Un giorno trovò un volto amico di un uomo poveretto
che, morta la moglie, solo soletto
era alla ricerca di una panca dove di sole un raggio
lo scaldasse nel cuore e gli desse anche il coraggio
di affrontare quel che gli restava della vita
che, abbandonato da tutti, considerava già finita.
Leo, fedele e amorevole amico, fu per quel vecchio
inseparabile attento occhio ed anche orecchio.
Con lui si divisero cene e pranzi
mangiando quel che capitava, anche gli avanzi
rovistando nei cassonetti della spazzatura
frutta, pane, formaggio e un poco di verdura.
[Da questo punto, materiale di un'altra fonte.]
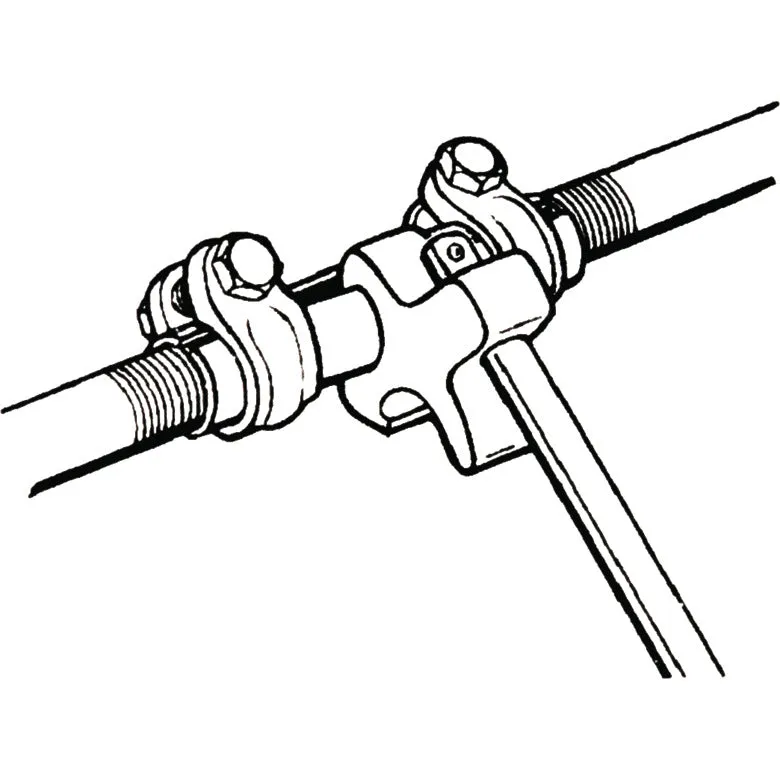 Tie Rod Adjusting Wrench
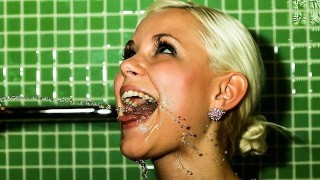 Dido Angel Spits In His Mouth
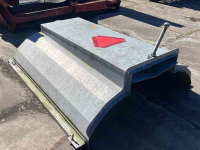 Manure spreader Samson SP Strooikap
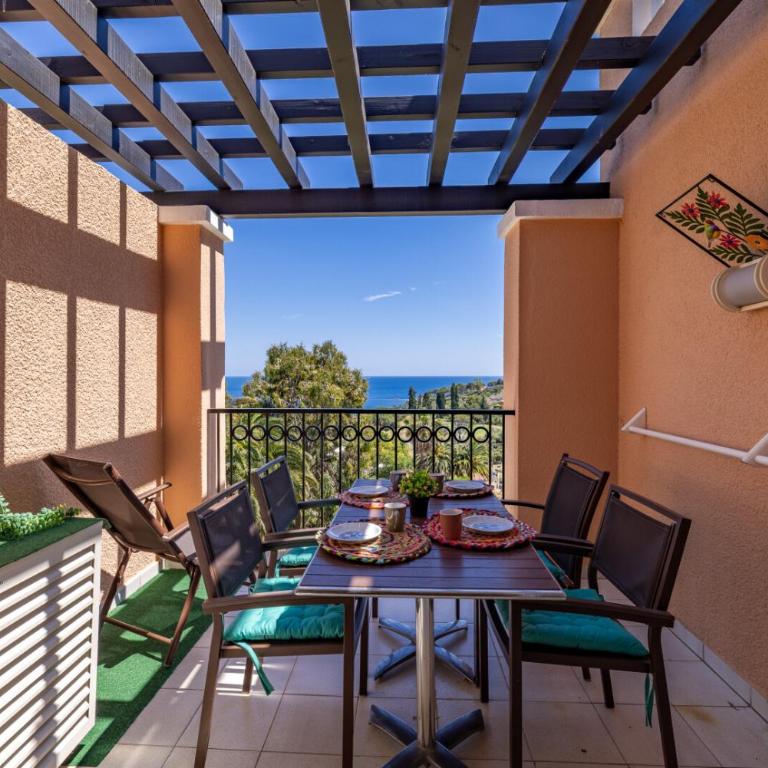 Résidence le Village de Cap Esterel - maeva Home - Appartement 5 personnes 1 chambre vue mer avec terrasse MAE-3263 - Appartement - 26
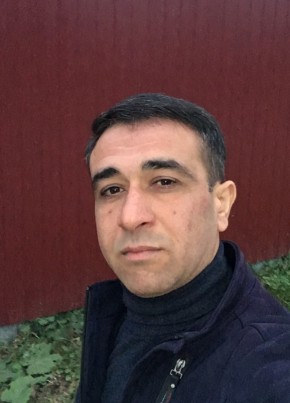 Эльмир, 43, Россия, Екатеринбург
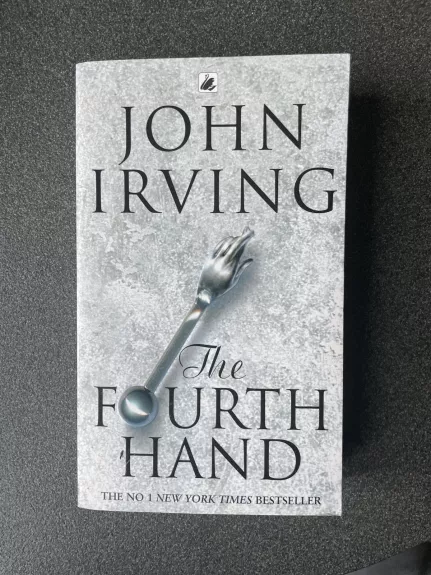 The Fourth Hand - John Irving, knyga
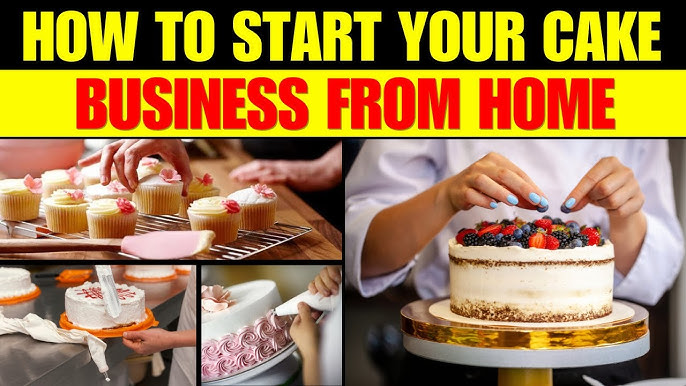How to Start a Bakery Business from Home: Success Guide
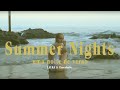 🎵 Laura Ribeiro - Summer Nights / uma noite de verão (feat. Chocoholic) | Official Lyric | Dream Pop
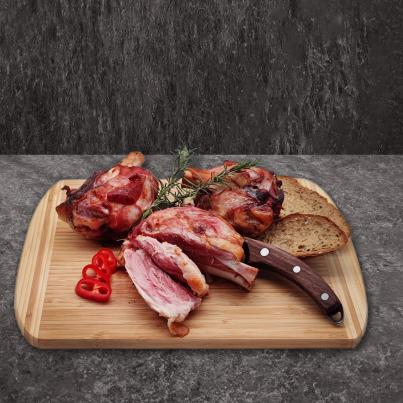 Ital. Gourmet Haxen o. Schwarte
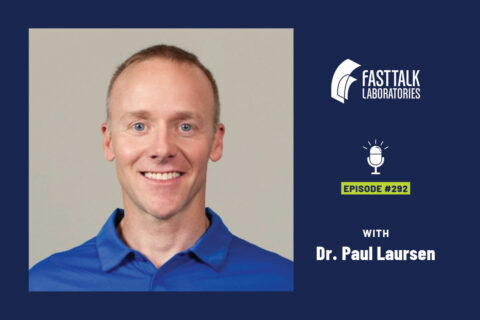 FT EP 292 with Dr. Paul Laursen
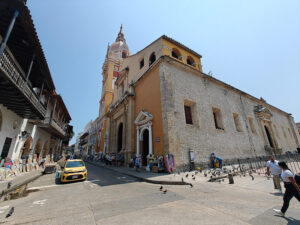 Catedral de Santa Catalina de Alejandria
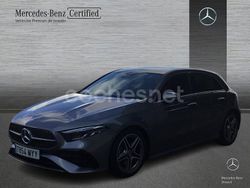 Gris / plata Usado 2025 Mercedes A180 Berlina | 34.900 € (Precio justo)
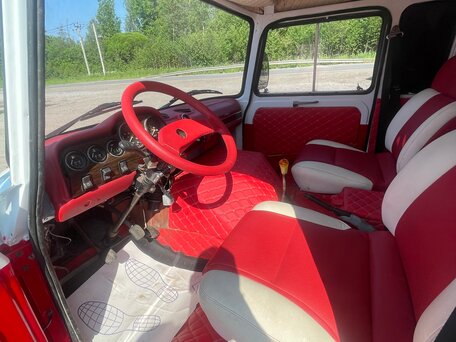 1984 Barkas B1000, красный, 1700000 рублей, вид 5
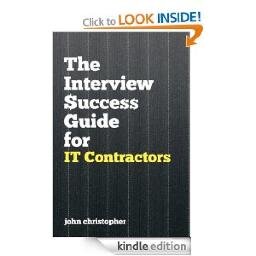Professional Coach, IT Contract Interview Guide, Writer and Wood Splitter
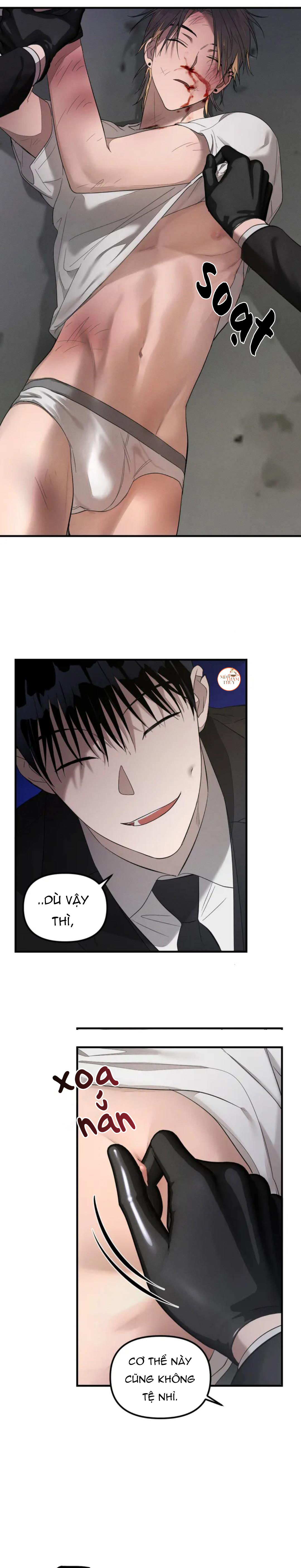 huấn luyện thú cưng chapter 1 43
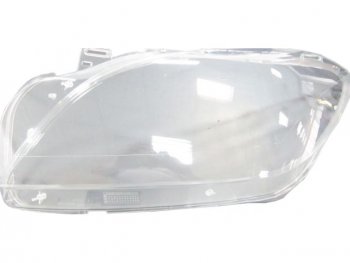 Левое стекло передней фары (пр-во Китай) BODYPARTS Mercedes-Benz ML class  W166 (2011-2015)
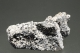 Calcite pseudomorph after Alstonite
Poi una notte il vecchio fu preso dalla Morte
e per Leo, il randagio, si chiusero le porte
di quella casa dove il suo padrone
per scaldarsi l’un con l’altro nel lettone
gli permise di dormire
e da mani malvagie sì sfuggire.
La mattina dentro la Chiesa gli dissero di stare
in silenzio, accovacciato, ai piedi dell’altare.
Poi, s’accodò al prete e alla carrozza fino al Cimitero
dove vegliò l’amico per un giorno intero.
Sopra la tomba del vecchio e là restava
per ore ed ore, e a suo modo lo piangeva,
inconsolabile e come anima persa lo cercava.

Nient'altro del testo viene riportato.